# taz.de -- Abschluss der Frankfurter Buchmesse: Gott ist gesund und munter
       
       > Weniger Aussteller, mehr Veranstaltungen und ein Experiment von Janne
       > Teller mit begrenztem Wert: Die Frankfurter Buchmesse geht zu Ende.
       
 (IMG) Bild: Ziemlich voll war's, aber nicht so voll wie früher
       
       Gewusel auf den Gängen, Besuchertrauben vor Ständen mit Autorengesprächen,
       Lesungen fast überall: Die Frankfurter Buchmesse schien auch in diesem Jahr
       ihren gewohnten Gang zu gehen. Von den Umwälzungen, die der Buchmarkt
       erlebt, war auf den ersten Blick nicht sonderlich viel zu sehen im
       Geschehen auf dem Messegelände.
       
       Vereinzelt fielen einem aber bald die Lücken auf, die in den Gängen
       klafften. An den Wänden eines ungenutzten Stands hingen Fotografien von
       Frankfurt bei Nacht, in Halle 8 mit internationalen Verlagen gab es manche
       nackte Fläche ganz ohne behelfsmäßige Dekoration.
       
       Einen Rückgang von 3 Prozent hatte die Buchmesse bei den Ausstellern im
       Vorfeld angekündigt – und im Gegenzug ein Rekordprogramm mit 4.000
       Veranstaltungen versprochen, da die Inszenierung der Autoren vor Publikum
       wichtiger werde.
       
       Die konkurrierten dann schon mal miteinander: Ein Autor sah sich bei seiner
       Lesung sogar gezwungen, laut gegen die wie aus dem Nichts aufheulenden
       Gitarren von einem benachbarten Comicstand anzusprechen, wo ein Musiker
       gerade einen Kurzauftritt absolvierte.
       
       Zum exklusiveren, da unter Ausschluss des Publikums laufenden Programm,
       zählte das Projekt „Frankfurt Undercover“: Rund 25 Autoren aus 17 Ländern,
       darunter der irakische Schriftsteller Najem Wali, die deutsche Autorin
       Vanessa F. Fogel und der russische Journalist und Autor Michail Schischkin,
       durften auf Einladung der dänischen Schriftstellerin Janne Teller drei Tage
       lang in der Autorenlounge unbeobachtet über politische Fragen diskutieren.
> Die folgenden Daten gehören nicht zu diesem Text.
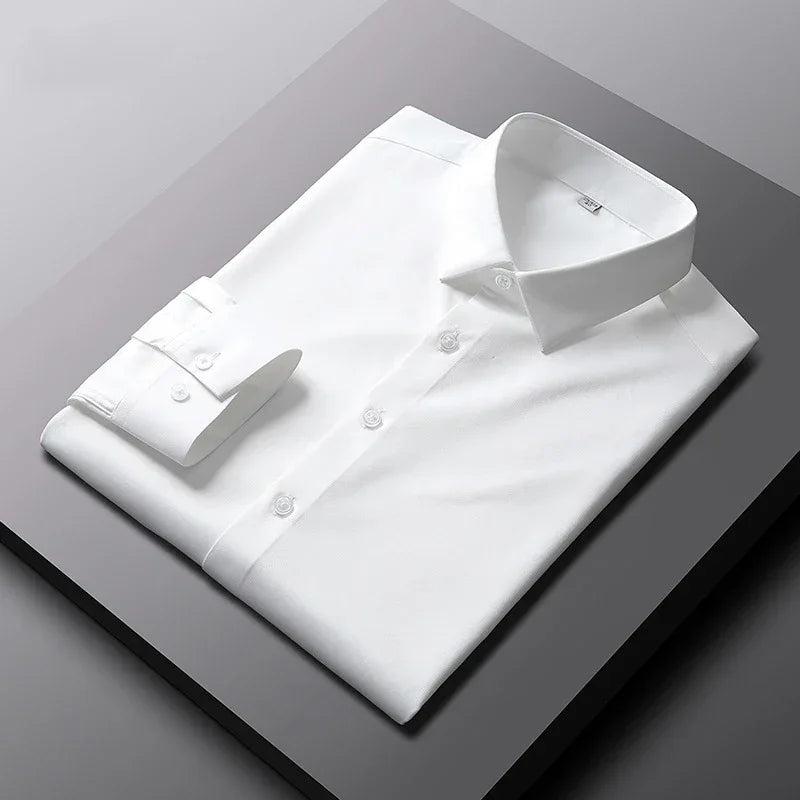 Men's Wrinkle-Resistant Long Sleeve Business Shirt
       Die Ergebnisse gab Teller am Freitag in einer Pressekonferenz bekannt.
       
       Man habe einander in den Diskussionen „an der Grenze der eigenen geistigen
       Kapazität“ die Möglichkeit einräumen wollen, bei heiklen Themen auch mal
       „Fehler zu machen“, begründete Teller die konspirative Vorgehensweise. Nur
       so könne man im Denken ernsthaft weiterkommen. Ziel der Bemühungen sei kein
       Manifest gewesen, sondern ein Kompendium, das in dieser Woche online
       gestellt werden soll. Eine gedruckte Fassung folgt in den nächsten Monaten.
       
       ## Ein Dollar für den Frieden
       
       Die kontroverseste Position gab Teller gleich zu Anfang bekannt. Es sei ein
       Mythos, dass Gott tot ist. Gott sei vielmehr gesund und munter. Man müsse
       ihm seinen Platz lassen, da Menschen nicht ausschließlich rational seien.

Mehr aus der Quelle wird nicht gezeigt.